21 April 1998
Jack told to ‘put the bone back’

By FWi staff

FARMER leaders and politicians have called on the Government to overturn its beef-on-the-bone ban after the Selkirk Sheriff Court in Scotland ruled it “unenforceable”.

Sheriff James Paterson this morning dismissed the first court case brought against anyone for breaching the beef on the bone ban. And he ruled that some of the regulations under which the case was brought were defective.

Jim Sutherland, a hotelier in the Scottish borders, was accused of serving T-bone steak to 170 farmers at a “prohibition dinner” five days after the ban was introduced last December. If found guilty, he could have faced a £1,000 fine and six months jail.

The National Farmers Union called the ruling “a victory for common sense.”
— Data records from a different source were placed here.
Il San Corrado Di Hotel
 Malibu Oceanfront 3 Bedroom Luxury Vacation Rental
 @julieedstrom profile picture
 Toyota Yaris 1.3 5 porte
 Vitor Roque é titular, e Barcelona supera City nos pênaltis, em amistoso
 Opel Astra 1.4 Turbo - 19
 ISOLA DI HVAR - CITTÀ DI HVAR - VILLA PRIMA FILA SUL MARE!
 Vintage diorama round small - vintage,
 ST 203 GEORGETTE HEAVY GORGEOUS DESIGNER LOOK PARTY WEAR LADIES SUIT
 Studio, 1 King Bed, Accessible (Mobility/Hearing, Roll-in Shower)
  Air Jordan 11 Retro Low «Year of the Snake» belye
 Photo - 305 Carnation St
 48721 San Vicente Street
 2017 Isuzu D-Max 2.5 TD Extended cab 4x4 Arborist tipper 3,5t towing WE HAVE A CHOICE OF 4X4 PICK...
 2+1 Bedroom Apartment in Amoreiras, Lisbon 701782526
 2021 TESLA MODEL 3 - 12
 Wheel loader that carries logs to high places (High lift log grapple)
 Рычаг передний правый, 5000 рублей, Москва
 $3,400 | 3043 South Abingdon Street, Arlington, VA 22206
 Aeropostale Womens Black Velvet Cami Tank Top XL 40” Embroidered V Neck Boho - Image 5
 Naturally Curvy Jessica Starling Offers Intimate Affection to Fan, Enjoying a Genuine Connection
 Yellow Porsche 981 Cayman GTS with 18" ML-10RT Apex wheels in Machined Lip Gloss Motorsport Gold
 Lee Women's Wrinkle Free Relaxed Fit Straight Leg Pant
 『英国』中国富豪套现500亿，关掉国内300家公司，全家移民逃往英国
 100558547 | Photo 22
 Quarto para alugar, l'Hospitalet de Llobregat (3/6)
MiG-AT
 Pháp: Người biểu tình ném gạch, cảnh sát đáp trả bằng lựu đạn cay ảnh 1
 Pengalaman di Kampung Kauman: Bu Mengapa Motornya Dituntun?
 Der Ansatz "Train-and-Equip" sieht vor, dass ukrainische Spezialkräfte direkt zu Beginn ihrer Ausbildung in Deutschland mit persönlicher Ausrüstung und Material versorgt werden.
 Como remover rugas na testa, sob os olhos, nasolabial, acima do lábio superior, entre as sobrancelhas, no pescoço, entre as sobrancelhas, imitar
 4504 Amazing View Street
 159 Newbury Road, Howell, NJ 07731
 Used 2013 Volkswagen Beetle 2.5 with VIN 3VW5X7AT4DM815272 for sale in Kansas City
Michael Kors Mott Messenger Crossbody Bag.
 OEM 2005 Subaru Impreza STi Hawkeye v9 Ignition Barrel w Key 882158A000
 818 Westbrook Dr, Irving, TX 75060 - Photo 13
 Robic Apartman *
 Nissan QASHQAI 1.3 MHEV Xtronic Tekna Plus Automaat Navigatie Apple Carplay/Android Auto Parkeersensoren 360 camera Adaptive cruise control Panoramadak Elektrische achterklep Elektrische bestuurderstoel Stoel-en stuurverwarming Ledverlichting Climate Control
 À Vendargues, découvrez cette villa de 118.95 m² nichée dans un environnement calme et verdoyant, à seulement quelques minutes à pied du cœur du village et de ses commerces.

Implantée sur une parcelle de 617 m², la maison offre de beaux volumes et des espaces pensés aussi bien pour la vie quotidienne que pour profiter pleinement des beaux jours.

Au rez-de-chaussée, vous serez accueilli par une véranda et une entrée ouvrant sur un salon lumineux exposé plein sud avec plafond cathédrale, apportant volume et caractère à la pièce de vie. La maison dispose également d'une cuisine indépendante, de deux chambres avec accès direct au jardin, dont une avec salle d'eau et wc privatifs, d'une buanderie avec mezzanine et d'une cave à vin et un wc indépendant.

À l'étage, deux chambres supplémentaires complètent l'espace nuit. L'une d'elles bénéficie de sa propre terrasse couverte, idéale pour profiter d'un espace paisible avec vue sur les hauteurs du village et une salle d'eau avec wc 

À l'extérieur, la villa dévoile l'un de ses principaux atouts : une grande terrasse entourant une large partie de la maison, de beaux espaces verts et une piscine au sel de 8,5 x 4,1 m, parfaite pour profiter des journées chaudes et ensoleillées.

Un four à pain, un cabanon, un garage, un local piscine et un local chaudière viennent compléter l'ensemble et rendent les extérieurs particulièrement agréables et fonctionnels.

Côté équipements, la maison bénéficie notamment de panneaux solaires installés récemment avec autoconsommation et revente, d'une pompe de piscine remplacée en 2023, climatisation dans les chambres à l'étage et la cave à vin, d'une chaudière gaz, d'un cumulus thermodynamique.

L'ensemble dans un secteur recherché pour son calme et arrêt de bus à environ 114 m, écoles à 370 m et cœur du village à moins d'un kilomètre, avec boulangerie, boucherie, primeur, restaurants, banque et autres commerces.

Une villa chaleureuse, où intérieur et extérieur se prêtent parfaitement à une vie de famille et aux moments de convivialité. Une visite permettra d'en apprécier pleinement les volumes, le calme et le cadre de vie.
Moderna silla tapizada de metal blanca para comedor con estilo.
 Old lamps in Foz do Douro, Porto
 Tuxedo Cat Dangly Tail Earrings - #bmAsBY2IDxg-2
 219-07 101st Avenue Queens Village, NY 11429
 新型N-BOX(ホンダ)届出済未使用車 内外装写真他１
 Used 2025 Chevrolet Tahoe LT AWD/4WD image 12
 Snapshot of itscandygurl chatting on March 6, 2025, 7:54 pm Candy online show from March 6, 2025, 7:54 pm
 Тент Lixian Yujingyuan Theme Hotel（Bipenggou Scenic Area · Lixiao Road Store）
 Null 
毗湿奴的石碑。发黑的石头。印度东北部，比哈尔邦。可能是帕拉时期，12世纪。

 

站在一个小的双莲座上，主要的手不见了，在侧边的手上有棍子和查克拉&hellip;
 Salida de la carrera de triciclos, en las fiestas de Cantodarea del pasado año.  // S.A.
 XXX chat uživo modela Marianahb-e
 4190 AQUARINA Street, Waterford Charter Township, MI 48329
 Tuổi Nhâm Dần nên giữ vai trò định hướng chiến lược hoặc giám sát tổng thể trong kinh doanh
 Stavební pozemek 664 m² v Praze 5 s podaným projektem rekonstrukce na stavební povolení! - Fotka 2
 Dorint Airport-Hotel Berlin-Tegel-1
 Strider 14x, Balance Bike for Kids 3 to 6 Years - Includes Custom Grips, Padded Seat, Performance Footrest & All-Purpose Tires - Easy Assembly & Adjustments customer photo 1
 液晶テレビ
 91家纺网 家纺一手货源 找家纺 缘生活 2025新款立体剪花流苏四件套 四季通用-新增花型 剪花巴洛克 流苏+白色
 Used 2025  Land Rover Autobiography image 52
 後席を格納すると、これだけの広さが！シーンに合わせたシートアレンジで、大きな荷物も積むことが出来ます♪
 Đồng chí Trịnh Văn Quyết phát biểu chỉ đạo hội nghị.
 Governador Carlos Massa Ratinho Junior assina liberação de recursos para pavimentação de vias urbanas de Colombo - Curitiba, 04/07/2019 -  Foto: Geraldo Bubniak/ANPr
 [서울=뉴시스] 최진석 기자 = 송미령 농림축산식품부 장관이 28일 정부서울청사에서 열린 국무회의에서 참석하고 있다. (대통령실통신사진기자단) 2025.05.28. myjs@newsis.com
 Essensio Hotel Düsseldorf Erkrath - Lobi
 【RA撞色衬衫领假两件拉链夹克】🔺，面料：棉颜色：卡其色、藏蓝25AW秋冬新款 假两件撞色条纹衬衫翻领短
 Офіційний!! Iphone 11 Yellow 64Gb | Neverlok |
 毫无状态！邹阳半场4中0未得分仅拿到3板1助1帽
An NFU spokeswoman said: “We believe the regulation should never have been introduced in the first place. Consumers should have been given the right to choose whether they eat beef on the bone or not. They can plainly see whether they are buying beef on the bone and therefore it should be their choice.”

Michael Jack, shadow minister for agriculture, said the judgement throws the regulation into “chaos, uncertainty and confusion”.

“Conservative spokesmen and Environmental Health Officers warned the Government, when the regulations were introduced, that they were unenforceable. Selkirk Sheriff Court has confirmed this,” he said.

Lib-Dem agriculture spokesman Charles Kennedy said the agriculture department chose to ignore his warning back in February that the ban was unenforceable.

“These regulations were introduced as a panic measure by Dr Cunningham. The banning of beef on the bone was not required by the Ministers advisory panel on BSE, SEAC, which said labelling would be sufficient.”

The Scottish National Farmers Union said it always considered the ban disproportionate to the perceived risk involved.

George Lyon, SNFU president, said: “As farmers, we look to the independent scientists for best advice. SEAC advised Government of three options with which it could be happy. Only one of these involved a total ban – but it was the option the Government chose to follow. We believe SEACs first option, of consumer choice allied to appropriate labelling, would have been appropriate.”

Dr Jack Cunningham said: “The regulations are essential for the protection of public health and would remain in force. The Scottish prosecuting authorities are considering their next step.”

He said the Government needed time to study the implications of the ruling before making any further comment.